Examples of automorphisms on structures

Question

For some structure $(M,I)$ with $M$ a set and $I$ the interpretation of the constants, functions, and predicates, what is an example of a such a structure such that for each $a$ of $M$ there are only finitely many $b$ in $M$ such that there is an automorphisms $f$ of $\mathcal{m}$ such that $f(a) = b$, but there are uncountably many automorphisms of $\mathcal{m}$.

Geometrically, I've been told to think of a "complete binary tree" as such a structure. But why? How could one write it in the form above? What about $(R,*)$?

Answer 1

Hint: The complete binary tree is a nice example.
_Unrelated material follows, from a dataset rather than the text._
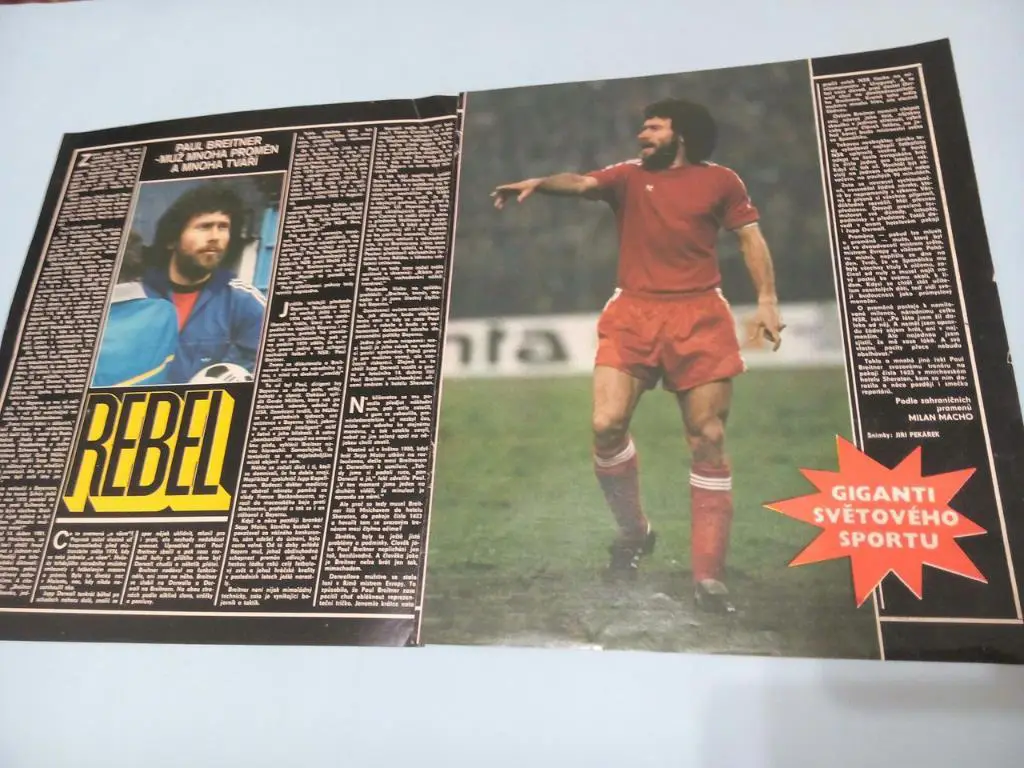 футбольные звезды из журнала Старт и Стадион Чехия - Пауль Брайтнер ФРГ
Use the binary predicate symbol $M(x,y)$, where $M(x,y)$ holds if $x$ is the mother (immediate predecessor) of $y$. Any automorphism has to preserve level, and for any $a$ there are only finitely many $b$ at the same level as $a$.

Answer 2

An equivalence relation on an infinite set $M$ having exactly one equivalence class of cardinality $n$ for each positive integer $n$, and no infinite equivalence class.

Answer 3

The example $(\mathbb Z,R)$ where $R=\{(x,y)\in\mathbb Z\times\mathbb Z:|x|\lt|y|\}$ is best possible, in the sense that the orbit $\{f(a):f\text{ is an automorphism}\}$ has cardinality at most $2$ for each $a$.